**** MATERIAL PROVIDED

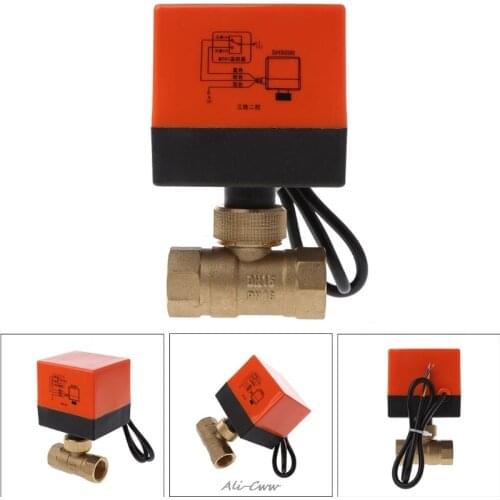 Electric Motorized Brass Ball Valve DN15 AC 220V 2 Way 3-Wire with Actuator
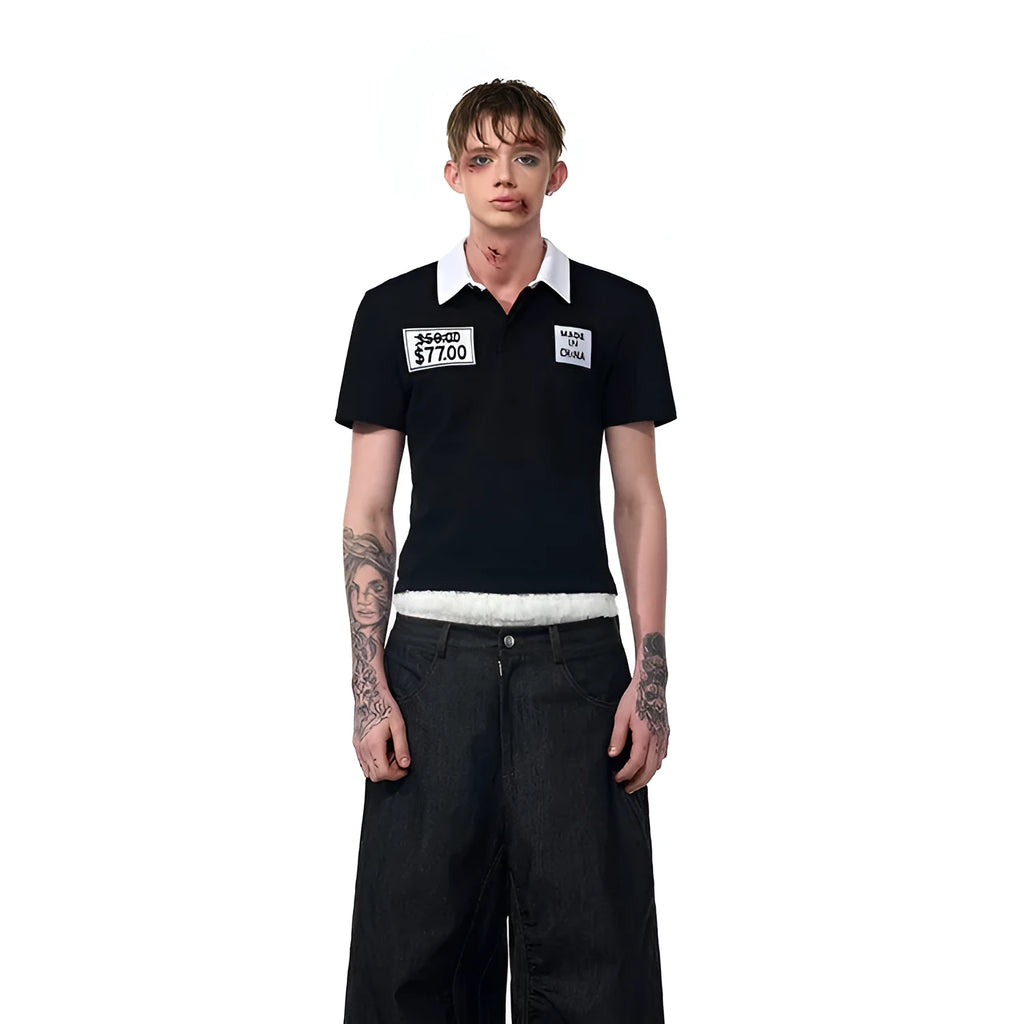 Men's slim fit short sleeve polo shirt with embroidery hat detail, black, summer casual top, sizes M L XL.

********
**** MATERIAL PROVIDED

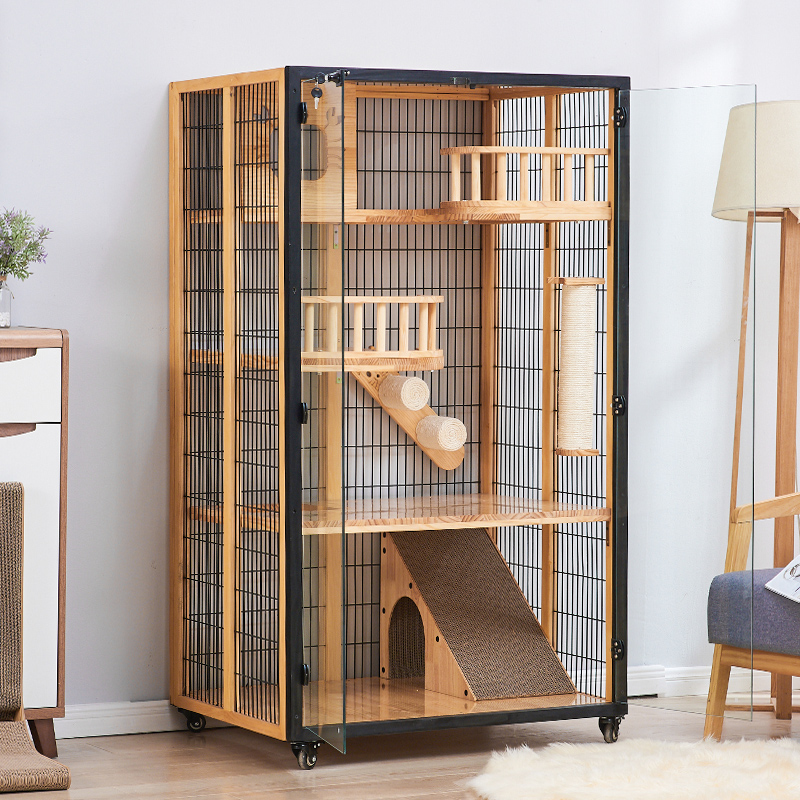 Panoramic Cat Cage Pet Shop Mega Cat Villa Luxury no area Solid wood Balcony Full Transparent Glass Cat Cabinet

********
**** MATERIAL PROVIDED

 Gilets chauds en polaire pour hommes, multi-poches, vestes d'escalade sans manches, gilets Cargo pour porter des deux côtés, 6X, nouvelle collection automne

********

WORK TO COMPLETE.
Pictures in the material above should be skipped; print exactly the lines from the one with "Electric Motorized Brass" through the one with "Men's slim fit".

WRITTEN REPLY.
 Electric Motorized Brass Ball Valve DN15 AC 220V 2 Way 3-Wire with Actuator
 Men's slim fit short sleeve polo shirt with embroidery hat detail, black, summer casual top, sizes M L XL.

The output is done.